Kenai River Brown Bears forward Jake Friedman takes a break during practice on Feb. 14, 2017, at the Soldotna Regional Sports Complex.

Kenai River Brown Bears forward Jake Friedman takes a break during practice on Feb. 14, 2017, at the Soldotna Regional Sports Complex.

Bears’ Friedman shows players from hot climates can warm to Kenai

With the growth of the NHL into warmer-climate markets in the 1990s came the growth of talented youth players coming from those climates.

But that hasn’t been a problem for the Kenai River Brown Bears, and Jake Friedman of Lighthouse Point, Florida, is an example of why.

“A lot of kids hear Alaska and say, ‘I don’t know,’” Kenai River head coach Jeff Worlton said. “Then they get up here and love it.

“They love our fans — our fan support is awesome. They love the community and they love the weather — it’s hockey weather. They love the environment. It’s a nice arena and the kids are treated well up here.”

Friedman, son of Keith Friedman and Jennifer Horvath, was playing Under-18 midget hockey in early December when he found out he had a chance to move up to the North American Hockey League and join the Bears.

Friedman, 18, already knew about Kenai River from fellow Florida skater Justin Bofshever, who played 36 games for the Bears in the 2015-16 season, so there was no hesitation.

“He said playing here was the best year of his life,” said Friedman, a 5-foot-10, 170-pound forward. “I took a chance and I’m glad I did. There aren’t mountains all around in Florida.”

Friedman also said extended time playing in Minnesota made him ready for winters.

“It’s awesome,” he said. “There was snow in Minnesota, but it was nothing like this level.

“The scenery up here is something I can’t get enough of.”

Friedman’s father moved to Florida from New York when he was 15, and continued to play hockey. It was at a men’s league game that Jake sat in the stands and decided he wanted to take up the game.

John Griffin, who had also coached Jake’s father, began to teach the game to Jake.

“He’s like a second father to me,” Friedman said.

As a freshman, Friedman enrolled at Shattuck-St.
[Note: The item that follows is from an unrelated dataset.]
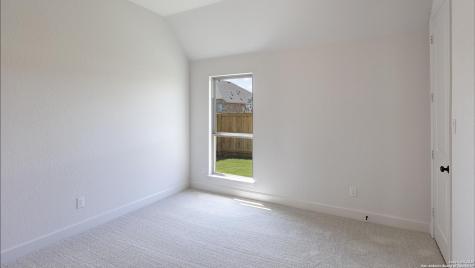 354 Lacey Oak Castroville TX 78009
Mary’s in Minnesota, a hockey talent factory which produced NHL players like Sidney Crosby, Zach Parise and Jonathan Toews.

He had 21 goals and 30 assists for the AA team in 2013-14, and 16 goals and 13 assists for the AAA team in 2014-15.

But in his junior year, with his parents going through a divorce, he moved closer to home to be there for younger siblings Kyle, 15, Kayley, 12, and Kelsey, 8.

But thanks to TPM Thunder coach Paul Flache, Friedman said his hockey career did not stall.

“The TPH coach is one of the best guys I’ve ever met,” Friedman said. “He’s one of the main reasons I’m here.”

Another reason is David Maciuk, Friedman’s player adviser. Friedman was taken in the 14th round of the NAHL Draft before this season by the Shreveport (Louisiana) Mudbugs, but did not make the team.

“They said they wanted me bigger and stronger so I dedicated myself to the gym in the U18 season,” Friedman said.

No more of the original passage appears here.